O rumor segundo a qual o futuro de Ricardo Sá Pinto em Braga dependerá dos resultados que a equipa fizer nas Taças, esta semana, casa bem com as notícias das chicotadas psicológicas no Moreirense e no Boavista, consumadas após a jornada do último fim-de-semana e a tempo de dar aos substitutos de Vítor Campelos e Lito Vidigal o tempo de conferirem às equipas o cunho pessoal durante a breve interrupção competitiva de Natal. Mas não deixa de ser estranho que tanta gente mude ou pense mudar de treinador em equipas com rendimento ainda assim acima do exigível. Boavista e Moreirense estão tranquilamente a meio da tabela, à mesma distância da linha de água que da qualificação europeia. Mudam porquê? O SC Braga tem sido uma das melhores equipas da Liga Europa. Pensa mudar porquê?

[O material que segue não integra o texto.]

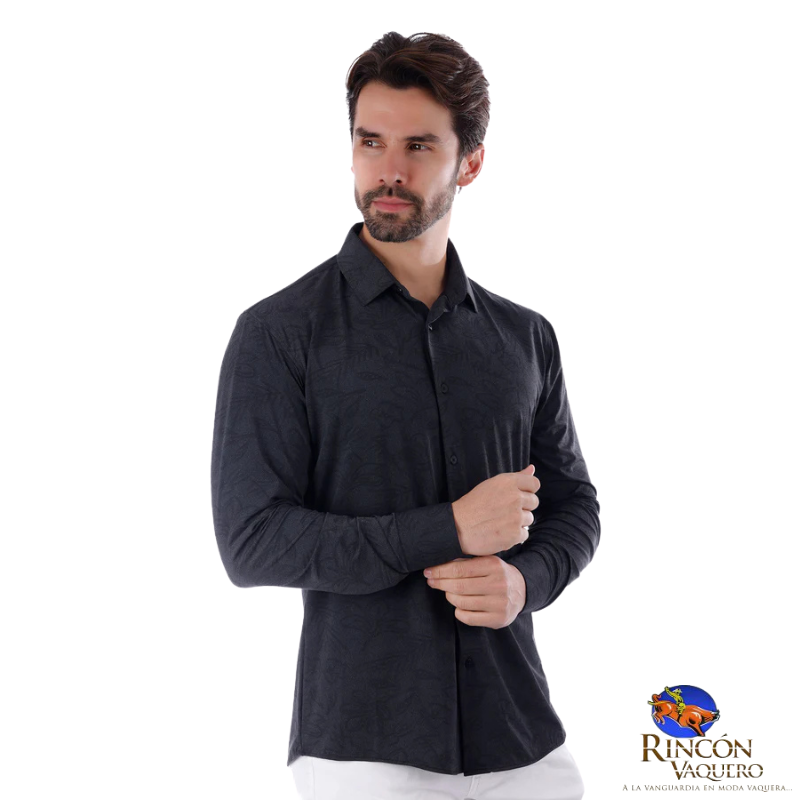 Camisa Barabas Caballero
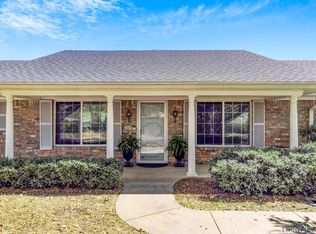 2000 McCann Rd, Longview, TX 75601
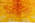 4 x 6 Vintage Ege Taepper Sunburst Danish Rya Rug 78271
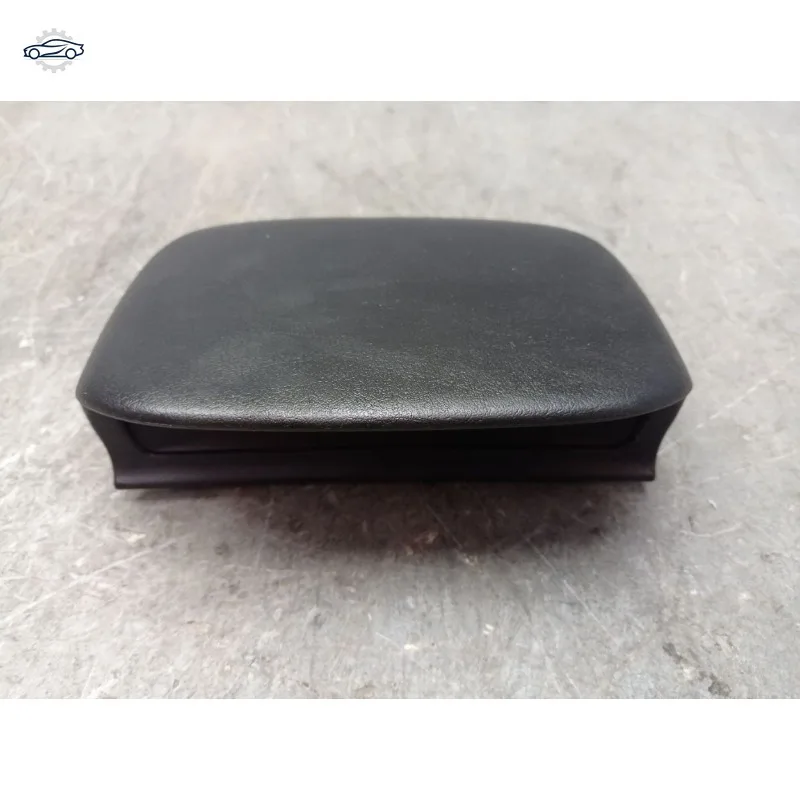 9652809977 On-board computer screen display for Peugeot 307 Estate (3E) 2.0 HDI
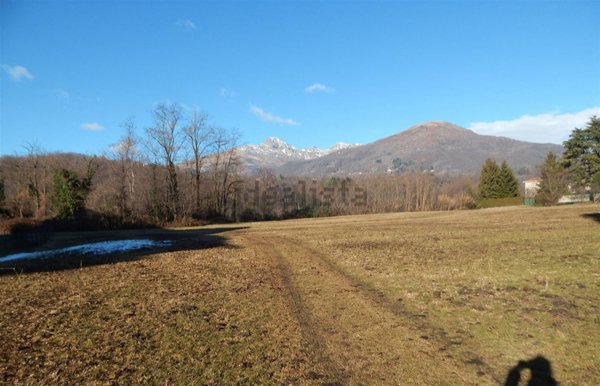 terreno edificabile in vendita ad Andorno Micca
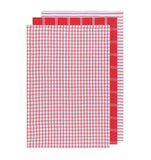 Tea Towel, Tic Tac Toe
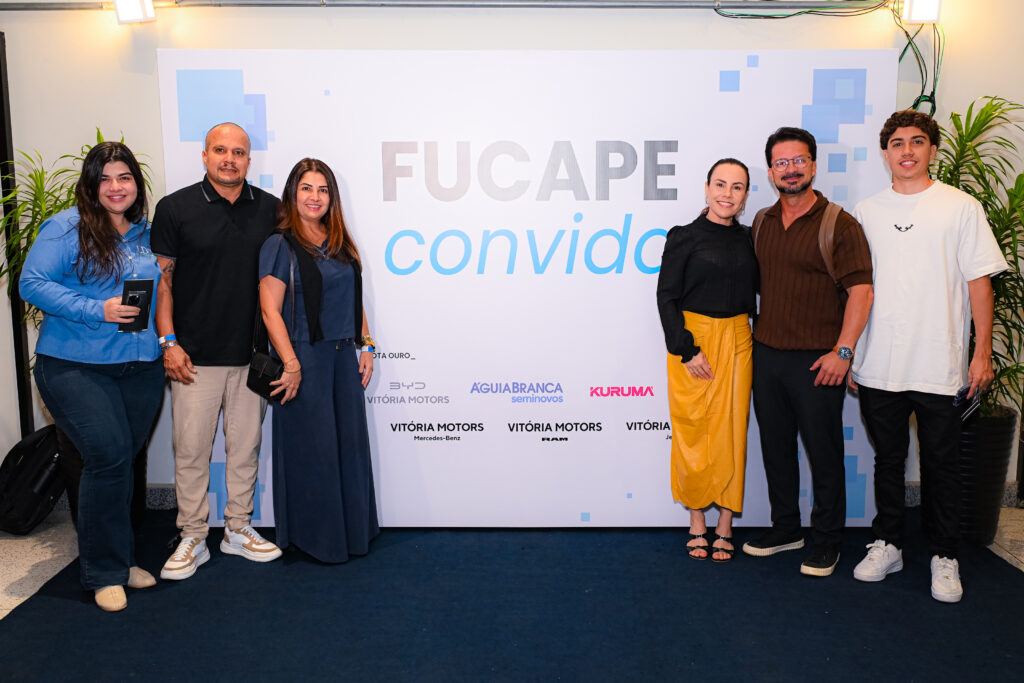 Ser 7559 1 Fucape Convida Reúne Profissionais Para Debater Liderança Entre Gerações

O caso do SC Braga é especial. Primeiro porque, atrás daquele semblante sempre seráfico que se vê na tribuna de honra ou nas breves declarações que faz a queixar-se das arbitragens, António Salvador é o vulcão permanentemente mais próximo da erupção que subsiste no futebol português. Depois, porque a equipa de Sá Pinto é o maior enigma da temporada: soma oito vitórias e dois empates em dez jogos na Liga Europa (e defrontando um par de vezes adversários como o Besiktas, o Wolverhampton ou o Spartak Moscovo) e tem apenas cinco jogos ganhos (com seis derrotas) em 14 jornadas da Liga Portuguesa. Por cá, como disse o próprio Sá Pinto, este SC Braga perde com equipas “que não ganham a ninguém”. E, para continuar nas duas Taças – o rumor não especificou se tinha de continuar nas duas – tem de escapar à derrota hoje, na Luz, com o Benfica (para a Taça de Portugal) e domingo, no Capital do Móvel, com o FC Paços de Ferreira (para a Taça da Liga).
Esta dicotomia é difícil de explicar a não ser por um estado de espírito: a equipa do SC Braga agiganta-se quando sente o prestígio, tem sede de glória, mas aborrece-se quando enfrenta a monotonia de mais um dia no escritório. Ganha no Molineux ao Wolves, na Vodafone Arena ao Besiktas e na Otkrytie Arena ao Spartak Moscovo mas depois perde em Setúbal e nas Aves com equipas que, à data, vinham numa longa série de jogos sem vitória. As tais equipas que “não ganham a ninguém”. Hoje apanha um Benfica em momento excelente, depois de aviar Boavista e FC Famalicão com quatro golos e o Zenit com três. Há glória na vitória. Pode é não haver poder para a alcançar.
Os casos de Boavista e Moreirense são mais típicos, mas nem por isso fáceis de explicar de acordo com uma lógica irrefutável.
É verdade que o Boavista perdeu quatro dos últimos cinco jogos, mas esses jogos incluíram as receções a Benfica e FC Porto e a saída aos terrenos do Vitória FC e do Marítimo, que tinham acabado de mudar de treinador e por isso se tornavam mais difíceis de prever e de contrariar. E as equipas de Lito Vidigal são sempre isso: uma forma de contrariar. Raramente se distinguem pelo que fazem mas sim pelo que impedem o adversário de fazer. Tal como na substituição de Sandro Mendes por Júlio Velásquez, em Setúbal, terá sido uma questão de filosofia futebolística o pavio a levar à chicotada? Mas os responsáveis do Boavista não sabiam o que tinham em casa? Não foi isso que procuraram no momento em que quiseram salvar a equipa da despromoção há um ano? Não andavam satisfeitos da vida quando o Boavista era a única equipa invicta do campeonato, à entrada de Novembro, precisamente porque era capaz de contrariar toda a gente?
Ainda assim, mais estranha é a chicotada no Moreirense. Vítor Campelos pôs a equipa a jogar o mesmo futebol positivo que já era apanágio de Ivo Vieira – não tem é os mesmos jogadores. Chiquinho, Ivanildo, Arsénio, Heriberto, Jhonatan ou Neto, todos titulares, saíram no Verão e o 11º lugar, com menos cinco pontos do que os que a equipa somava à 14ª jornada da época passada (mas a apenas dois do sétimo lugar que então ocupava) parece refletir uma campanha positiva e a caminho dos objetivos que foram delineados. Tendo em conta a escolha do substituto, que vai ser Ricardo Soares, o treinador que levou o SC Covilhã a empatar com o Benfica na Taça da Liga mas é apenas sétimo na II Liga, a ideia que fica é que em Moreira de Cónegos se procura a via inversa, a de uma equipa que seja capaz de contrariar os grandes, mesmo que depois não consiga ganhar aos da mesma igualha.